PROBLEM REQUIREMENTS:
Pictures are not repeated. Every line from the beginning of the entries through the one with "Hello everyone, and" is restated exactly.

***** DATA FOR ANALYSIS *****

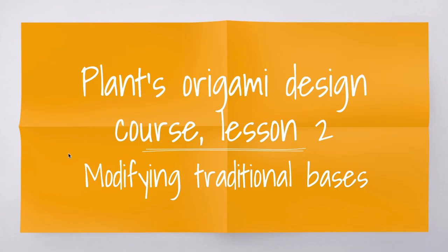Hello, and welcome back. This is episode 2 of the origami design class video series. If you haven't seen the first one, I encourage you to do so.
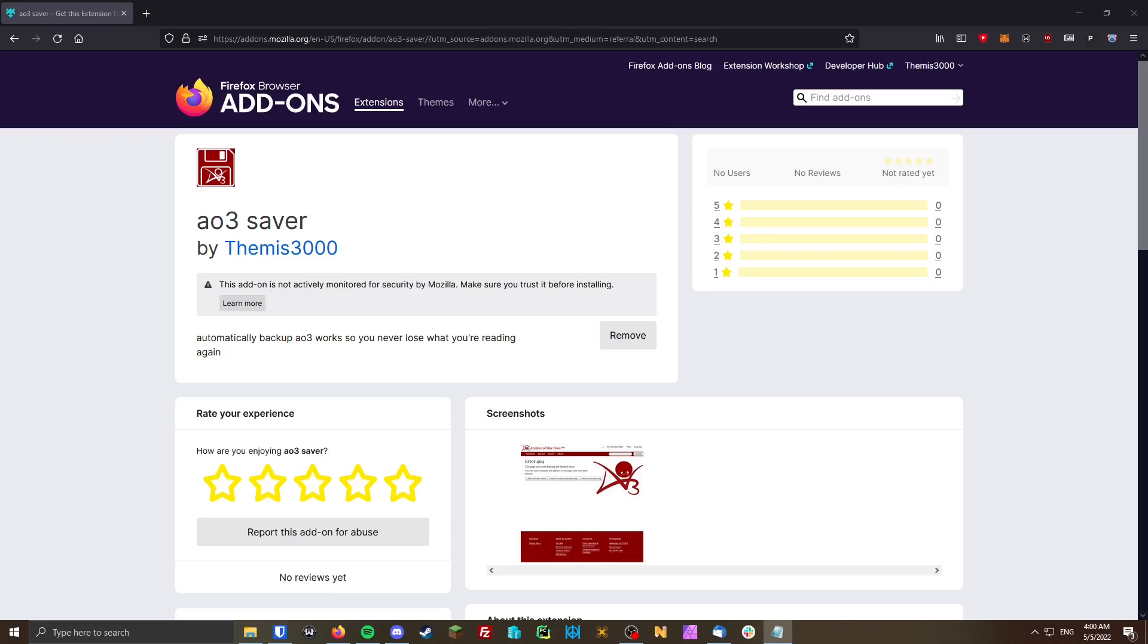Hi, I'm going to be showing you how my new extension, AO3Saver, works.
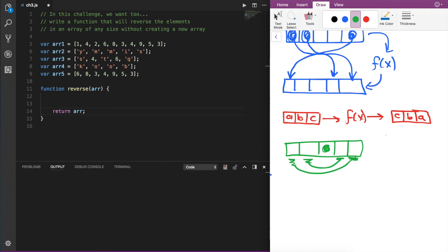In order to switch elements like this, we need to keep track of the first element and the last element. I'm going to use a counter variable i to refer to the very first index of this array, and a counter variable j to refer to the very last index. We want to take the elements stored at these two locations, switch them, and then have i refer to the second element and j refer to the second to last element, and so on. So I want i to refer to index 0, and j to refer to the very last element of this array.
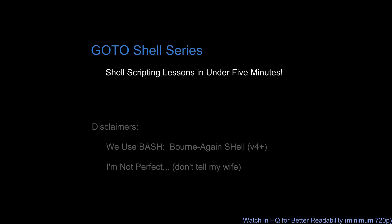Hello everyone, and welcome to another tutorial in the GoToShell series. In this series, we'll discuss tips, tricks, and techniques for shell scripting in 5 minutes or fewer. Before we begin, first, due to its ubiquity and my experience with it, we're going to use Bash.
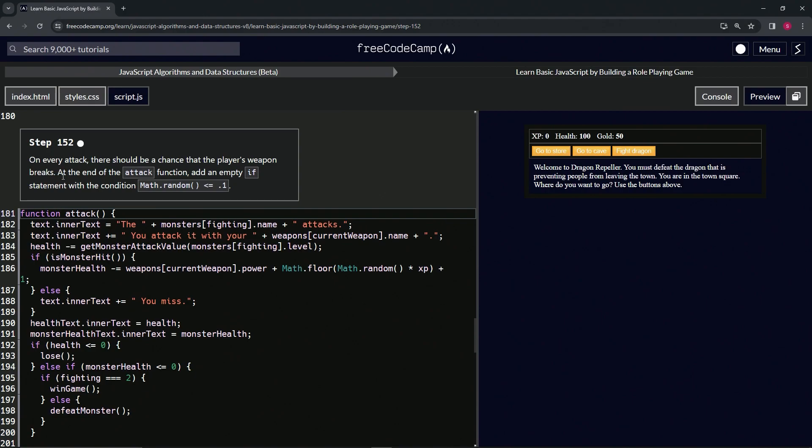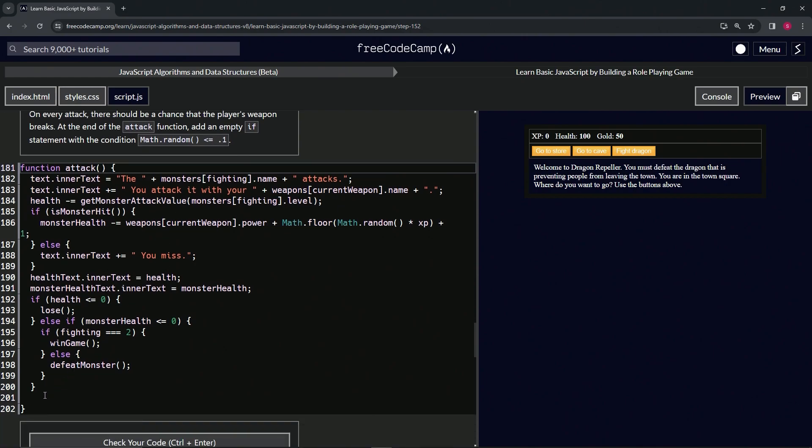At the end of the attack function, we're going to add an empty if statement with the condition math.random is less than or equal to 0.1.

*****

RESPONSE TO THIS EXERCISE:
Hello, and welcome back. This is episode 2 of the origami design class video series. If you haven't seen the first one, I encourage you to do so.
Hi, I'm going to be showing you how my new extension, AO3Saver, works.
In order to switch elements like this, we need to keep track of the first element and the last element. I'm going to use a counter variable i to refer to the very first index of this array, and a counter variable j to refer to the very last index. We want to take the elements stored at these two locations, switch them, and then have i refer to the second element and j refer to the second to last element, and so on. So I want i to refer to index 0, and j to refer to the very last element of this array.
Hello everyone, and welcome to another tutorial in the GoToShell series. In this series, we'll discuss tips, tricks, and techniques for shell scripting in 5 minutes or fewer. Before we begin, first, due to its ubiquity and my experience with it, we're going to use Bash.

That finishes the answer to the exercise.